From top to bottom, write out the listing exactly and skip every picture.

## GIVEN MATERIAL

+-------+

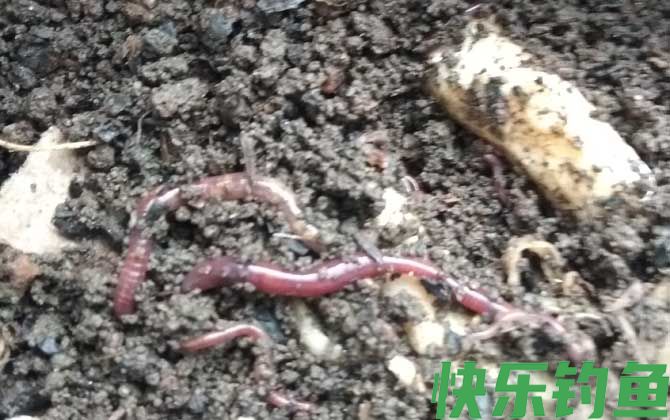蚯蚓养殖用什么土好？(图2)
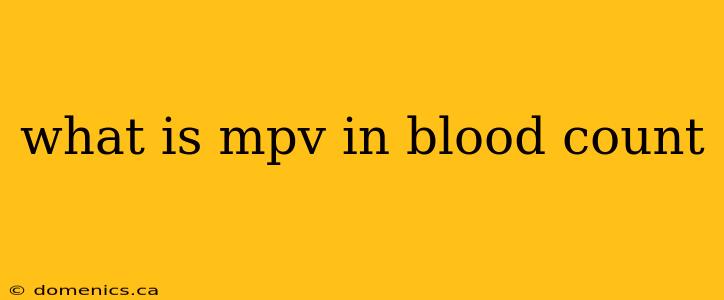 what is mpv in blood count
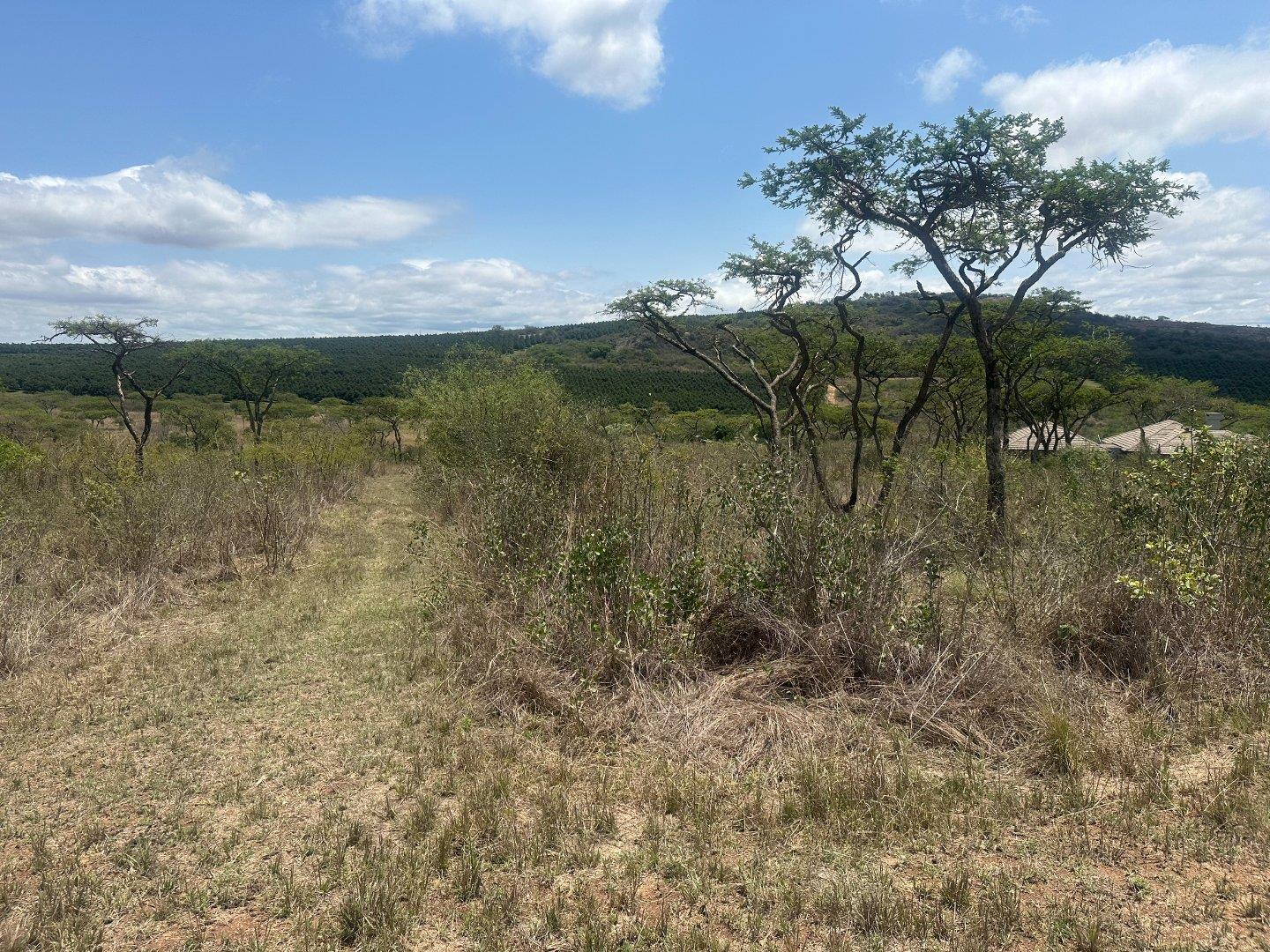 Vacant land / plot for sale in Likweti Bushveld Farm Estate P24115143454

+-------+

## TASK SOLUTION
蚯蚓养殖用什么土好？(图2)
 what is mpv in blood count
 Vacant land / plot for sale in Likweti Bushveld Farm Estate P24115143454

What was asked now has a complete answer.